Glenn Beck could be ordered to pay a lot more to a Muslim victim of the Boston Marathon bombing who accused the talk show host of slander.
Race spectator Abdulrahman Alharbi filed a federal lawsuit two years ago against Beck and his companies, The Blaze Inc. and Mercury Radio Arts, and his radio syndicator, Premier Radio Networks.
Beck “repeatedly and falsely” accused Alharbi, then 20, of funding and actively participating in the terrorist attacks, according to the suit – even after the Saudi national was questioned and quickly cleared by federal investigators.
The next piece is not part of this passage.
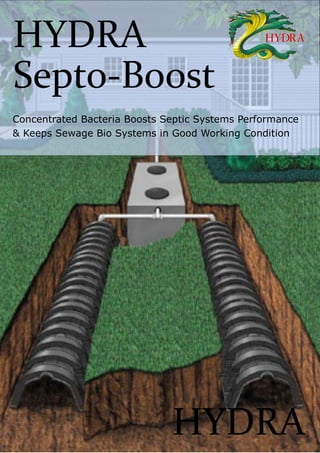 HYDRA 
HYDRA 
Septo-Boost 
Concentrated Bacteria Boosts Septic Systems Performance & Keeps Sewage Bio Systems in Good Working Condition  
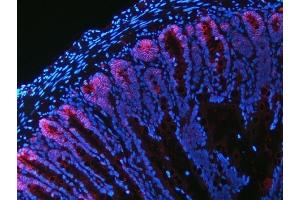 anti-Solute Carrier Family 12 (Potassium-Chloride Transporter) Member 2 (SLC12A2) (AA 889-943) antibody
A judge has consistently turned down Beck’s requests to dismiss the suit and recently dealt a significant blow to the talk show host by allowing Alharbi to amend his defamation suit by adding a count for unjust enrichment, reported Talkers.
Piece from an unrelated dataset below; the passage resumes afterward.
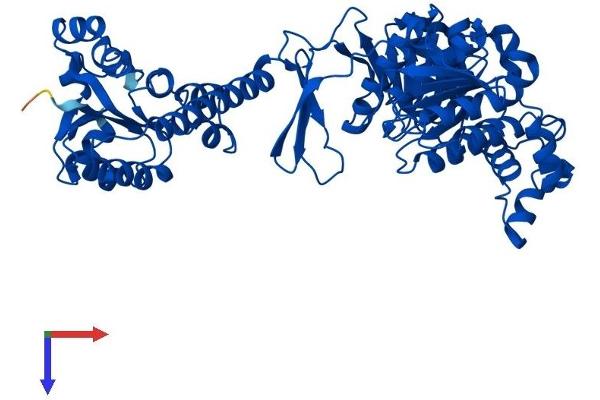 ATIC Protein (AA 1-592) (His tag)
Judge Patti B. Saris cited a recent defamation lawsuit brought by former Minnesota Gov. Jesse Ventura, who also served as a Navy SEAL and performed as a professional wrestler, against “American Sniper” author Chris Kyle.
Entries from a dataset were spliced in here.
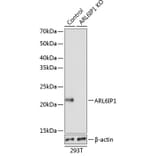 Western Blot - Anti-ARL6IP1 Antibody (A306868) - Antibodies.com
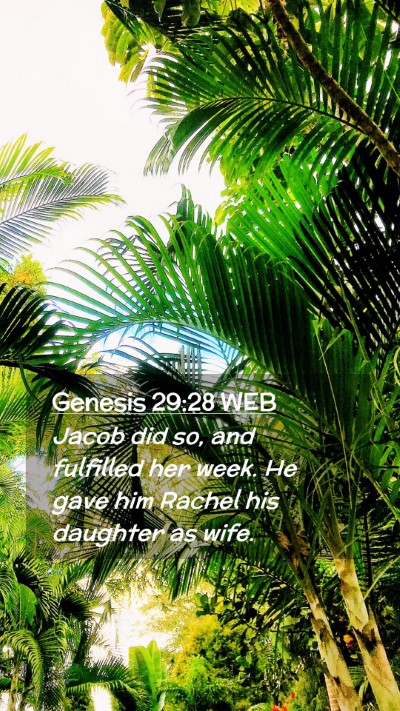 Picture 02 - Genesis 29:28 WEB Mobile Phone Wallpaper - Jacob did so, and fulfilled her week. He gave him - Mobile Bible Verse Wallpaper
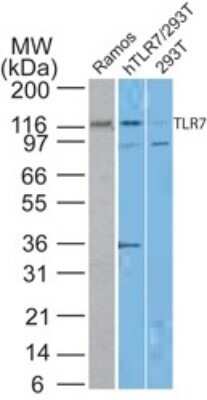 Western Blot: TLR7 Antibody (4G6)BSA Free [NBP2-27332]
The late Kyle described in his memoir and in a subsequent interview with Fox News host Bill O’Reilly that he knocked Ventura to the ground and gave him a black eye in a bar fight.
Kyle, the former Navy SEAL sniper, told O’Reilly that Ventura told him the SEALs deserved to “lose a few” because they were fighting an unjust war in Iraq.
Ventura filed a defamation suit, which went to trial after Kyle’s shooting death, and won a judgment against the former sniper’s estate.
The jury awarded $500,000 to Ventura for defamation and $1.35 million for unjust enrichment.
That could spell big trouble for Beck, whenever his case goes to trial.
Beck’s attorneys are seeking records related to the investigation from federal, state, and local law enforcement agencies – but they don’t want to turn over the documents because they argue that doing so could compromise the confidentiality and privacy rights of anyone questioned in the case.
To win his suit, Alharbi must prove his reputation was harmed by Beck’s comments, but private citizens generally have a lower standard of proof than public officials and celebrities.
The judge rejected a motion by Beck’s attorneys seeking to identify Alharbi as a public figure.